Seitan Goulash with Potato Fritter 

Potato, potatoe - just delicious!

4 serves
40 minutes


  • 200 g seitan
  • ½ onion 
  • 1 tbs rapeseed oil
  • 3 stems of celery
  • 6 staves from Puntarelle salad (or similar like chard, dandelion) 
  • 4 tomatoes
  • tomato paste
  • soy cream
  • some vegetable stock 
  • 1 tsp spoon turmeric 
  • salt (sea-salt)
  • spice blossoms
  • 8 medium sized, waxy potatoes 


  • Seitan-Goulash 
    Cut seitan into strips, dice the onion and fry together in rapeseed oil.
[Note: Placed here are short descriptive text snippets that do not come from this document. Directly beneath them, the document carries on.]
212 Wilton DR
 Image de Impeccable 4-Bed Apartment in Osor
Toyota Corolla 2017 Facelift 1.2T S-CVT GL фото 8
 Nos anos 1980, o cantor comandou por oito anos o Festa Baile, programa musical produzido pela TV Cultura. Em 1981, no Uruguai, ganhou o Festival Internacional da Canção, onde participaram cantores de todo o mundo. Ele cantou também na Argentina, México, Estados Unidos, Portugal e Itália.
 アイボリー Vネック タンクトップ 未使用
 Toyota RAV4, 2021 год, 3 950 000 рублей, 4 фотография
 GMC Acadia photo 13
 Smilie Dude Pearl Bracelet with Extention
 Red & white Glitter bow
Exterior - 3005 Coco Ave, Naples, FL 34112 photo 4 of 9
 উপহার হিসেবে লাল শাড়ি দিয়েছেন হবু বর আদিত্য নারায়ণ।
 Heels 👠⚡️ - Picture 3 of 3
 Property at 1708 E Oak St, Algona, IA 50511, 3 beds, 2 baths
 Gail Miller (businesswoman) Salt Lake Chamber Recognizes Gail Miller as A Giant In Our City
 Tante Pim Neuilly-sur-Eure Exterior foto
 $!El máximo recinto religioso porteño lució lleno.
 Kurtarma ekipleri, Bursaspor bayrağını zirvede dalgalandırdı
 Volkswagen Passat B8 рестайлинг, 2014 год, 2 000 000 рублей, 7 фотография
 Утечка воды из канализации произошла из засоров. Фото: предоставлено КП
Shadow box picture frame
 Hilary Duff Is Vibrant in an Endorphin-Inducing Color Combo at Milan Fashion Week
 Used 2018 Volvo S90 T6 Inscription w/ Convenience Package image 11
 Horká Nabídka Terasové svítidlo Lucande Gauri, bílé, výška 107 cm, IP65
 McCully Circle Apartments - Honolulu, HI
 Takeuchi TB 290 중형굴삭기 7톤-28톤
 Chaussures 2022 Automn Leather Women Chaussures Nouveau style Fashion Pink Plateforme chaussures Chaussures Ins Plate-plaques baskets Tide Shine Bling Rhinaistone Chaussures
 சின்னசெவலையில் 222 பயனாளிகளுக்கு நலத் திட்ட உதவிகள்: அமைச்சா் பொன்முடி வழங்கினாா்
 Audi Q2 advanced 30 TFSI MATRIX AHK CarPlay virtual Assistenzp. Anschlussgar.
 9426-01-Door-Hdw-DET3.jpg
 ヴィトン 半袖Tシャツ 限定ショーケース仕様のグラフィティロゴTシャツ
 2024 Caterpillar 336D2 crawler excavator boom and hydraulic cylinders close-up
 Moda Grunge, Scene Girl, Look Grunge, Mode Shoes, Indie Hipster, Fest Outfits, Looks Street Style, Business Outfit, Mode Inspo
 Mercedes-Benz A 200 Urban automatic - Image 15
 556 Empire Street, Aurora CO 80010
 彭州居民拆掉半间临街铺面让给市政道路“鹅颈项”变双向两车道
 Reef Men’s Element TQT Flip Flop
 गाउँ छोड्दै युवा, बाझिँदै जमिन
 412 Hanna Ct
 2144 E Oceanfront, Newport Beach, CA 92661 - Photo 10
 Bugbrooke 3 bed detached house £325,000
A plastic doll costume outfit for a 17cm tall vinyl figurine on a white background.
Chop the celery and 
    Puntarelle salad, dice the tomatoes and put all in a pan. Sear briefly with tomato paste and deglaze with vegetable stock and some soy cream. Add some salt, turmeric and spice blossoms in the end. 
  • Potato Fritter  Boil 8 medium sized, waxy potatoes (without peeling) until they have a solid consistency (shouldn’t be too soft). Drain and let them cool off. Peel and grate the potatoes. Season with sea-salt. With some rapeseed oil, sear the potato mixture at medium heat in a pan. After some minutes turn the potato fritter a few times until it´s has a light brown color and is crispy.  

Thanks to Elfe Scirè Calabrisotto for the delicious recipe! 


If you sear the potato fritter slowly, it will get a much better texture and will be much crispier.